Evaluation of neural connectivity between parvalbuminexpressing interneurons and medium spiny neurons in the lesioned striatum of dyskinetic mice.

TARAVINI IR; GOMEZ G; ESCANDE M; MURER MG; GERSHANIK OS

San Diego, California

Congreso; 19 th International Congress of Parkinson´s Disease and Movement Disorders; 2015

International Parkinson´s Disease and Movement Disorders Society

Objective: To establish whether the development of dyskinesias induced by L-DOPA modifies the connectivity of parvalbumin-expressing interneurons with medium spiny neurons in the lesioned striatum of transgenic mice expressing fluorescent proteins under the control of the D1 and D2 receptor promoter.Background:Dyskinesias are a debilitating side-effect of chronic L-DOPA administration, despite of which, the drug remains as the gold standard for symptomatic treatment of Parkinson´s disease (PD). Abnormal stimulation of dopaminergic receptors byL-DOPA correlates with long-term functional synaptic changes in striatal medium spiny neurons (MSNs) deprived of dopaminergic innervations which may contribute to the development of dyskinesias (LID).

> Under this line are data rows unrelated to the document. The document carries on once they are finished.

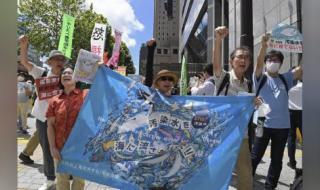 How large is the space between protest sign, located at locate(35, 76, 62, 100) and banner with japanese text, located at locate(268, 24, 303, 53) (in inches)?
122

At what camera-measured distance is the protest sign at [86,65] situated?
411 centimetres

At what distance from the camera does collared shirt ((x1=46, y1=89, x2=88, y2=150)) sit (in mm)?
4062

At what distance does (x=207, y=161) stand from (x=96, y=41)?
13.0 ft

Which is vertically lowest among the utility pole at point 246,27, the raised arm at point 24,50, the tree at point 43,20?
the raised arm at point 24,50

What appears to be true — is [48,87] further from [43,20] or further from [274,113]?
[43,20]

Parvalbumin striatal interneurons modulate and control differentially the activity of MSNs expressing either D1 or D2 receptors and therefore contributing to the imbalance between these pathways both in PD and LID. However, the state of the connectivity between these cell populations in the dyskinetic condition remains elusive.Methods: Transgenic mice expressing red (tomato) or green (EGFP) fluorescent markers in striatal neurons containing either the D1 or D2 receptor promoter were lesioned unilaterally with 6-OHDA in the mfb and treated with L-DOPA to induce severe dyskinesias. Parvalbumin was determined by inmunofluorescence on fixed striatal tissue sections using Cy5 as fluorochrome. The number of synaptic contacts of parvalbumin positive terminals on D1 or D2 MSNs was quantified on confocal microphotograph using the ImageJ software (NIH).Results: Lesioned mice developed severe dyskinesias after L-DOPA administration. Preliminary results show that the number of perisomaticparvalbumin synapses on D1 and D2 MSNs remains unaltered after 6-OHDA lesion. Conversely, a dyskinetogenic dose of L-DOPA reduces the number of parvalbumin contacts onto D2 but not D1 MSNs.Conclusions: These results suggest that L-DOPA affects the synaptic connectivity of parvalbumin interneurons with both types of MSNs differentially. These are clear evidences that L-DOPA treatment induces alterations at structural and functional levels that lead to a new pathophysiologic condition in the basal ganglia circuits. Further analysis will help to clarify if these structural adaptations are directly related to the development of dyskinesias.